Thursday, July 24, 2008

Money & Business

USN Current Issue

Overwhelmed By Tech

Gadgets were supposed to make life simple. But some just make people crazy

By James Lardner, David LaGesse and Janet Rae-Dupree
Posted 1/7/01

He was America's master gadgeteer. Al Gross inspired Dick Tracy's famous two-way wrist radio, he invented the walkie-talkie (because he "wanted to walk around and talk to other hams"), and he held patents on plenty of other wireless wonders. To many, Gross was better known as Phineas Thaddeus Veeblefetzer, the preposterous handle he invented for himself. However he's remembered, by the time Gross passed away last month, the sense of simple fun he had infused in nearly all his gizmos was entirely lacking from the endless numbers of personal organizers, portable phones, and multiple-function whatsits no self-respecting millennialist can afford to be without.

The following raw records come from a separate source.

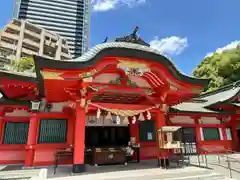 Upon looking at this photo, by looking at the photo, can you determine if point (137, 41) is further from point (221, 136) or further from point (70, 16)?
point (70, 16)

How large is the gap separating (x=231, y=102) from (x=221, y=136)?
2.46m

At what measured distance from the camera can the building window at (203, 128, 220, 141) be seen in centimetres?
1130

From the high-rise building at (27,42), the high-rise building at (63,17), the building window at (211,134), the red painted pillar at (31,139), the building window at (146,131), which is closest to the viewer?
the red painted pillar at (31,139)

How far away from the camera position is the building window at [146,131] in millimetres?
9828

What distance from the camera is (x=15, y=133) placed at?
8.05 meters

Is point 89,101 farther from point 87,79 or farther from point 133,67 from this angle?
point 133,67

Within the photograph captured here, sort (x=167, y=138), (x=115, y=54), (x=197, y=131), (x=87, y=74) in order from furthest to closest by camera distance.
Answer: (x=197, y=131), (x=167, y=138), (x=115, y=54), (x=87, y=74)

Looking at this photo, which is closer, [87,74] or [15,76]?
[87,74]

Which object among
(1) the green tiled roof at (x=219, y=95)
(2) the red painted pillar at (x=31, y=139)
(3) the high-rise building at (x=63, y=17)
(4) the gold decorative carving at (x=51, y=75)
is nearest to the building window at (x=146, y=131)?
(1) the green tiled roof at (x=219, y=95)

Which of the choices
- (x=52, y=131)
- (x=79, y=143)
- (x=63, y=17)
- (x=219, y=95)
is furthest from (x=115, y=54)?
(x=63, y=17)

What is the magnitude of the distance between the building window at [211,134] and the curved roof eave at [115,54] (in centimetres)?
518

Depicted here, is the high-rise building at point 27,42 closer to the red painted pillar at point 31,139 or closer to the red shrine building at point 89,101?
the red shrine building at point 89,101

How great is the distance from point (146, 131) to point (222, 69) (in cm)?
2134

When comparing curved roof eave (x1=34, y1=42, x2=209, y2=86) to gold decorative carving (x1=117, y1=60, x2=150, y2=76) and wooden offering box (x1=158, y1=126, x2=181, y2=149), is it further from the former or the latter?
wooden offering box (x1=158, y1=126, x2=181, y2=149) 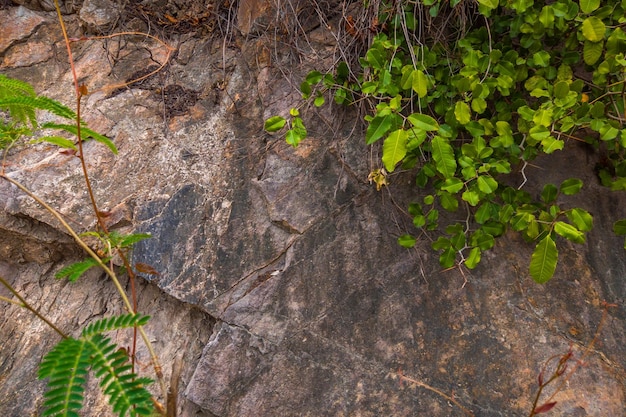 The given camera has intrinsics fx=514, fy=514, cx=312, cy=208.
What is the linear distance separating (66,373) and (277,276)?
98cm

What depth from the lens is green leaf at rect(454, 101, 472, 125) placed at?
1.84 m

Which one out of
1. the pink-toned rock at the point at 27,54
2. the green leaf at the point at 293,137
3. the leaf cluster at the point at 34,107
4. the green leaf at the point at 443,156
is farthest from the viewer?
the pink-toned rock at the point at 27,54

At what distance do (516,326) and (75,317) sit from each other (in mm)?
1888

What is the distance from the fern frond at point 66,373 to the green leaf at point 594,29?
184 centimetres

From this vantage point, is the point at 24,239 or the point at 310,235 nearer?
the point at 310,235

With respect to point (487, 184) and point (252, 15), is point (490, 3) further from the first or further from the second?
point (252, 15)

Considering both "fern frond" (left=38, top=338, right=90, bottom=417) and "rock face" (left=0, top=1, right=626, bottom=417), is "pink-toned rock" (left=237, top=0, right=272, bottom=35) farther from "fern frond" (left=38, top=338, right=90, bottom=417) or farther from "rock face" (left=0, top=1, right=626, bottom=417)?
"fern frond" (left=38, top=338, right=90, bottom=417)

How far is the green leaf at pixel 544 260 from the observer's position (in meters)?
1.70

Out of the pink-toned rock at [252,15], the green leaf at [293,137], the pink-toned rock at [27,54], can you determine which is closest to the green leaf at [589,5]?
the green leaf at [293,137]

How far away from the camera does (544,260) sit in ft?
5.60

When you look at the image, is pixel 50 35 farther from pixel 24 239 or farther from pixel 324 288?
pixel 324 288

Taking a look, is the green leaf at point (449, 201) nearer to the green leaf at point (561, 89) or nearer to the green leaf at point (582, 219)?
the green leaf at point (582, 219)

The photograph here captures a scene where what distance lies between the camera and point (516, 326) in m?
1.94

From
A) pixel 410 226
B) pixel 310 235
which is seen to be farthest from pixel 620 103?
pixel 310 235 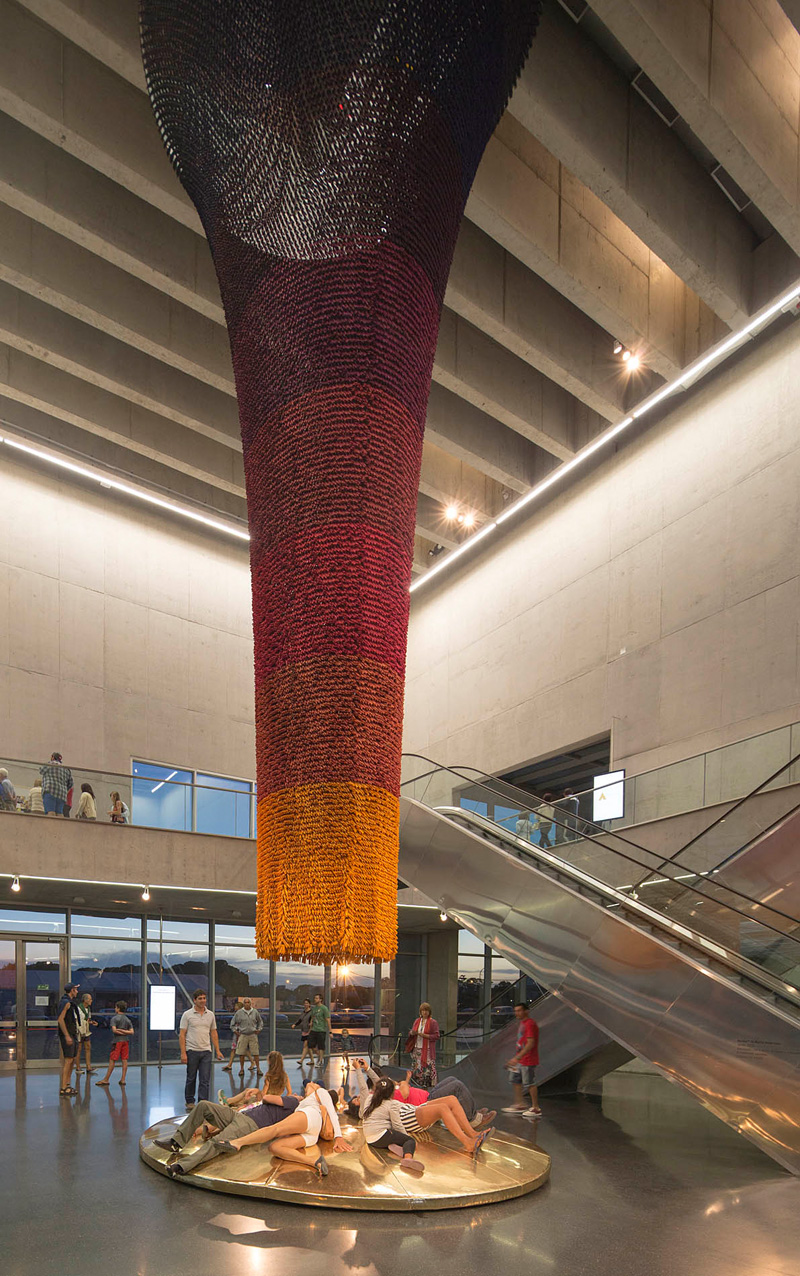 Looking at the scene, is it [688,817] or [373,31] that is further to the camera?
[688,817]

But wait! Call it Veeblefetzer's revenge, but this year's bumper crop of just-in-time-for-Christmas gizmos is gathering dust on store shelves. Sure, people continue to plunk down money for the things, but not as eagerly as they were six months or a year ago. So with the technology industry enduring its first bear market since gadgets became the hot new thing, many companies are scrambling to find out why consumers aren't falling in love with the latest stuff. The answer? Most folks are still trying to figure out how to work the devices they already have. Americans have poured billions into electronic equipment. That orgy of spending has brought--along with the prospect of semi-godlike powers--paroxysms of befuddlement, self-doubt, and anger. The complexities of the personal computer are a well-documented topic of complaint. (Dissertations have been written.) But now a host of smaller devices--pagers, cellphones, digital cameras, and fancy remote controls--are coming into their own as fiendish new instruments of mental torture.

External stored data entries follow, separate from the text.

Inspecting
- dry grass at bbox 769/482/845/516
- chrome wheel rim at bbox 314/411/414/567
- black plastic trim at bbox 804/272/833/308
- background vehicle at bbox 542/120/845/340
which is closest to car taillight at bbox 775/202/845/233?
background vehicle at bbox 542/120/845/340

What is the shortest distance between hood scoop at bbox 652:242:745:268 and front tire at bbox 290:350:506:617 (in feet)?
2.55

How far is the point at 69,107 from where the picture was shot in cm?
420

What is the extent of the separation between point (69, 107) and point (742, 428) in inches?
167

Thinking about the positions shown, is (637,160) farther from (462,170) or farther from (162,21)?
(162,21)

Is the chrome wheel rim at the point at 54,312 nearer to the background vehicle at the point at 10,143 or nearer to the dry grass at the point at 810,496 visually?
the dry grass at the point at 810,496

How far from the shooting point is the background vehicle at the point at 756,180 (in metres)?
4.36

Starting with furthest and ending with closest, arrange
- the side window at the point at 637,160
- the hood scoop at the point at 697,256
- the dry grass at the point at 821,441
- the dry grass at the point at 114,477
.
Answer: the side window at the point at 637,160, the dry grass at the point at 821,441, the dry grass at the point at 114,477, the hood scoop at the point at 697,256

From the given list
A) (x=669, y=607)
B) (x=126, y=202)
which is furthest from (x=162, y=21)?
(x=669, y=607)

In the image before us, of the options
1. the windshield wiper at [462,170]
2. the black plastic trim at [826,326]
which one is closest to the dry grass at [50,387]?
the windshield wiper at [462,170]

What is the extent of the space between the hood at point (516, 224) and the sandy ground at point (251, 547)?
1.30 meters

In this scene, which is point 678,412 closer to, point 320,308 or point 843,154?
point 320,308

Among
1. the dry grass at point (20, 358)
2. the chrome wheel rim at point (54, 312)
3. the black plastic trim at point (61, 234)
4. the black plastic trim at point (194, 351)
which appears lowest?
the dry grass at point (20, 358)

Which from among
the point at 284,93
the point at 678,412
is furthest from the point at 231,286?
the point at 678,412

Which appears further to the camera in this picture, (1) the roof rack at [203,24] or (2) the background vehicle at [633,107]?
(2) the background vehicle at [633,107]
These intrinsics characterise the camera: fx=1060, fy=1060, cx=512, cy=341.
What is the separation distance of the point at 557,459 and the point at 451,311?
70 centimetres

It wasn't supposed to be this way, but the evidence of consumer angst has been piling up. According to a recent study by the market-research firm Gartner Group, 43 percent of the time Americans spend with electronic appliances when they first get them is devoted to fiddling or figuring out how they work; even then, hardly anyone figures out all the functions. "Most people use about 35 percent of the capacity of any one technology they get their hands on," says Michelle Weil, a psychologist and product-design consultant, "and then they stop."

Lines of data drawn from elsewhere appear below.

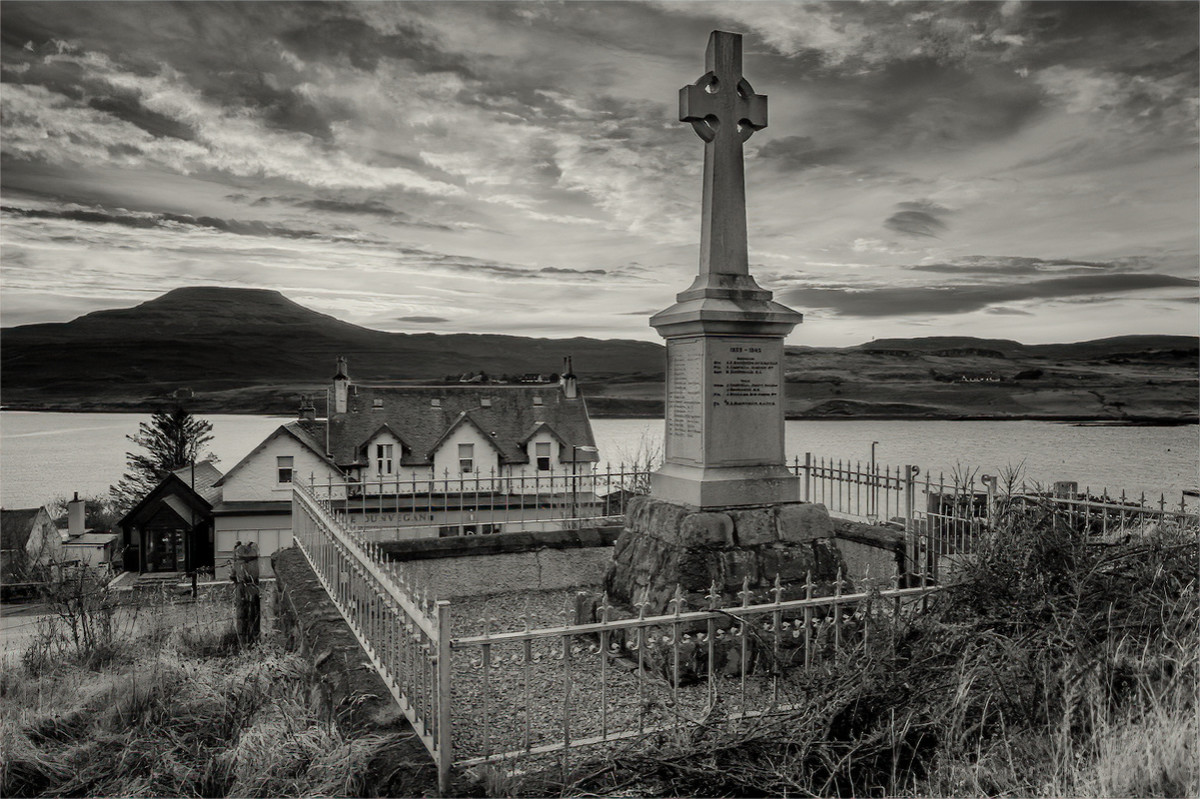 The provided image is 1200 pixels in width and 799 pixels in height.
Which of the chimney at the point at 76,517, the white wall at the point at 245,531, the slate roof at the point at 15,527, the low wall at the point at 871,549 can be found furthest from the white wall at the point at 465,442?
the low wall at the point at 871,549

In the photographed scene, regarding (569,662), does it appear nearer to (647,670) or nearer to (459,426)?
(647,670)

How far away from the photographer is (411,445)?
3419 centimetres

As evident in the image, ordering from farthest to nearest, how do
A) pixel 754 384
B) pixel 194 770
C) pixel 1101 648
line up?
pixel 754 384 → pixel 194 770 → pixel 1101 648

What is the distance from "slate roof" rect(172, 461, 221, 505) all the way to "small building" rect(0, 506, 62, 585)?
6539mm

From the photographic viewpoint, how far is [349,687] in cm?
441

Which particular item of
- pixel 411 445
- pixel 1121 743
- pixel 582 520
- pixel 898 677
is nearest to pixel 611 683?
pixel 898 677

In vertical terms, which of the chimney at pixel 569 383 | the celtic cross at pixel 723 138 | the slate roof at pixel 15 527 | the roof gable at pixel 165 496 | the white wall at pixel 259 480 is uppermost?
the celtic cross at pixel 723 138

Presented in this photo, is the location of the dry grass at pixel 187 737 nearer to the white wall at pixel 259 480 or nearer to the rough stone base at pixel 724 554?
the rough stone base at pixel 724 554

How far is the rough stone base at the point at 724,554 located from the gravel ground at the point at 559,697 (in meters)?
0.62

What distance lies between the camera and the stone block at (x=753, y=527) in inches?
242

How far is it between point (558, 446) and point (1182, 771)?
1295 inches

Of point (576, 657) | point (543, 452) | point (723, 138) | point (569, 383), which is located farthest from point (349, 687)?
point (569, 383)

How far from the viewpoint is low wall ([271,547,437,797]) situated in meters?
3.47

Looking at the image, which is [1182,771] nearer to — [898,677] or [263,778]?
[898,677] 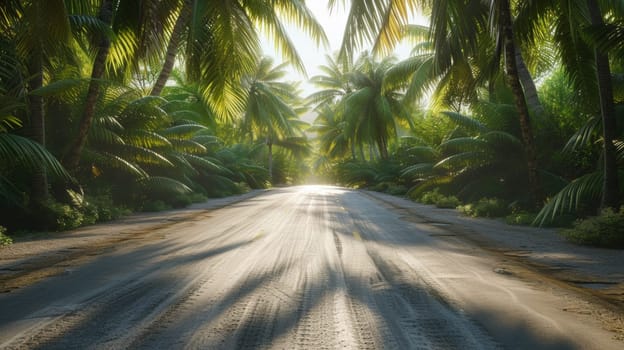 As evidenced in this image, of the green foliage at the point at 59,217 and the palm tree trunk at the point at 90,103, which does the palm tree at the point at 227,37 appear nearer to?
the palm tree trunk at the point at 90,103

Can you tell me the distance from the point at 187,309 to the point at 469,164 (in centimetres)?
997

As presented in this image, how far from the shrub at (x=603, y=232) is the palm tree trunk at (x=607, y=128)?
0.70 meters

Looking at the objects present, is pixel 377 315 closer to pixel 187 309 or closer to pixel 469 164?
pixel 187 309

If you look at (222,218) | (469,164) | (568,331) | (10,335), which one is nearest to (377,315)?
(568,331)

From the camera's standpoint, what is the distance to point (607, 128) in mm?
6625

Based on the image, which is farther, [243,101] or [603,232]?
[243,101]

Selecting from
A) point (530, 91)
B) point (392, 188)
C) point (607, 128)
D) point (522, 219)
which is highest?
point (530, 91)

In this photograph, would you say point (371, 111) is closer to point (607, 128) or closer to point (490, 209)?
point (490, 209)

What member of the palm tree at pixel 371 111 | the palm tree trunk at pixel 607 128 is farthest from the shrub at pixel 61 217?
the palm tree at pixel 371 111

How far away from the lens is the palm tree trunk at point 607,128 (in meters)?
6.53

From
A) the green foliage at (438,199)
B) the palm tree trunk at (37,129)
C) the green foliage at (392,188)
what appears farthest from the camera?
the green foliage at (392,188)

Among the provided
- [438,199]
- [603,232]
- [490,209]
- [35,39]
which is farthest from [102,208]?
[438,199]

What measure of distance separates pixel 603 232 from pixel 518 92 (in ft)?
13.2

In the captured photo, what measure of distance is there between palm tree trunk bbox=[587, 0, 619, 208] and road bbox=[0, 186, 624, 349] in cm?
284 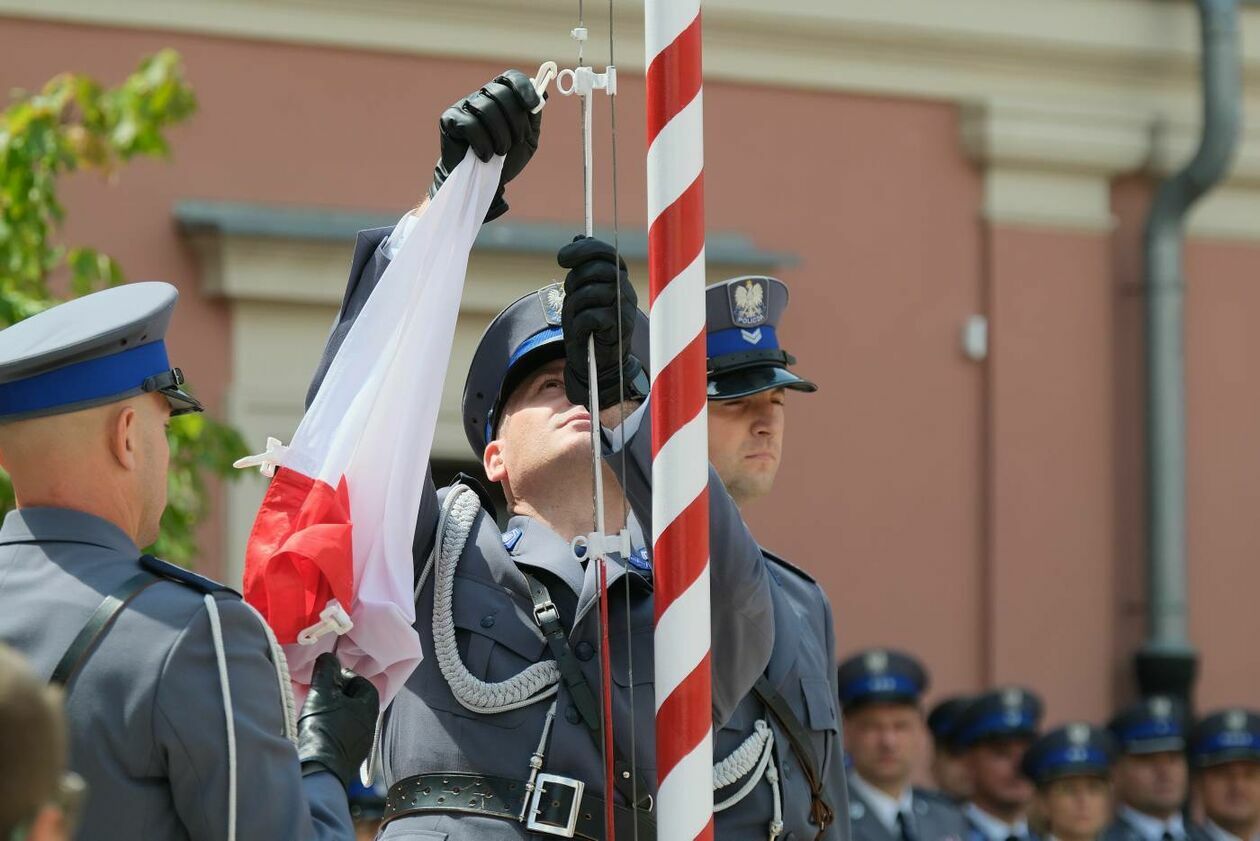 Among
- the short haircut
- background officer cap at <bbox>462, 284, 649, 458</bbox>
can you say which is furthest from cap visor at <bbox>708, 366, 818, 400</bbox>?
the short haircut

No wonder. Computers promised to save us time. But what technology giveth, it also taketh away. Lydia Ferrante-Roseberry's Sony laptop has been plagued with problems since she bought it a year ago. "Sometimes it won't shut down fully or start up fully, and sometimes it just freezes in between things," says the 35-year-old minister at the Eden United Church of Christ in Hayward, Calif. The laptop has even, God forbid, caused Ferrante-Roseberry to lose a few sermons. But she endures her machine's quirks, she says: better that than a two-hour call to tech support.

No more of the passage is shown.